A lot of people think capitalism is about getting in early on an investment. That is only a small part of it. If capitalism means the attainment or centrality of capital above all else, what company generates more capital than something like Apple. Why would anyone waste their time and money on cryptocurrency, which produces nothing. I keep giving the same investment advice, because it’s true and it works.
3. It promotes a false sense of scarcity. The belief that there is scarcity leads to a scarcity mindset and a need to always have to compete and strive. “If I don’t make it, someone else will take my spot.” The possibility does not occur than there are enough spots, or that there are alternatives. It’s not like everyone needs to or should aspire to an upper-middle class or wealthy lifestyle. Outside of a handful of areas, it does not cost that much to live in America. This leads to overcompensating behavior such as careerism, overreliance on daycare, and delayed family formation to try to secure enough resources and social status. As discussed below, this is rational. Having kids at 32 instead of 22 adds up to many hundreds of thousands of dollars compounded returns down the road.

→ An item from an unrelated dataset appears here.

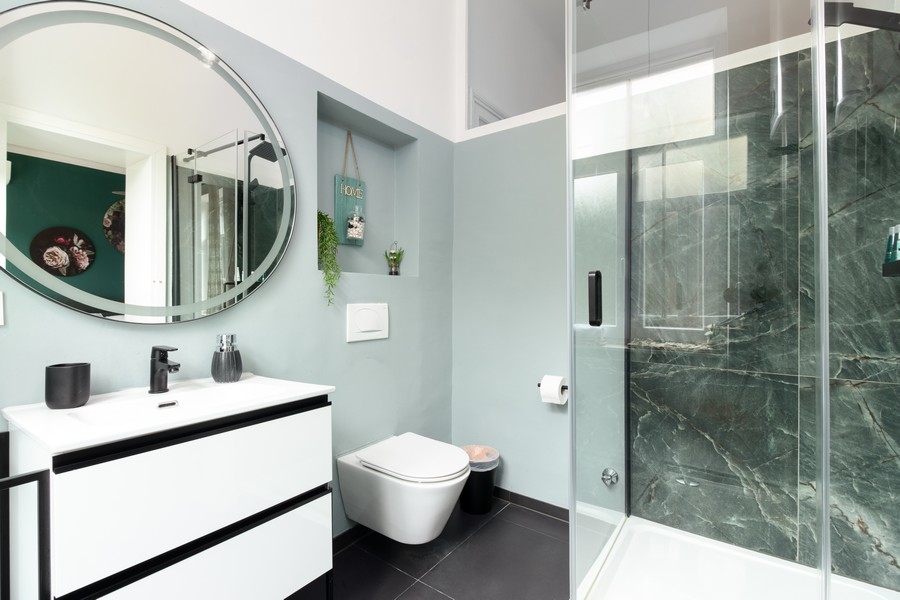 Badrum med rund spegel och glasdusch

4. It has not solved credentialism and other barriers/frictions. It is commonly assumed that markets erode barriers. But the rational pursuit of self-interest leads to the situation we have presently, in which companies demand greater credentials to screen for better workers, and then people spend more time and money trying to procure said credentials in exchange for much higher wages than otherwise possible. Everyone benefits: better employees for employers and higher inflation-adjusted pay for employees with degrees, but at what cost.
To people who says “replace diplomas with IQ tests” companies do that too, often using both. Phone interviews, for example, are used to screen for intellectual suitability before the credential stage. Or the diploma is a proxy for IQ. A diploma not only screens for some baseline IQ but is also correlated with other desirable traits such as conscientiousness.
5. Tons of survivorship bias. For every person who succeeds, there are many unheard/hidden failures, yet such success is too often attributed to skill when maybe it was just luck. The lottery mindset is related to the first one, in which speculation in overhyped/overvalued crap is seen as a way of getting rich fast, when superior and safer alternatives for getting rich exist (like index funds, real estate, etc.).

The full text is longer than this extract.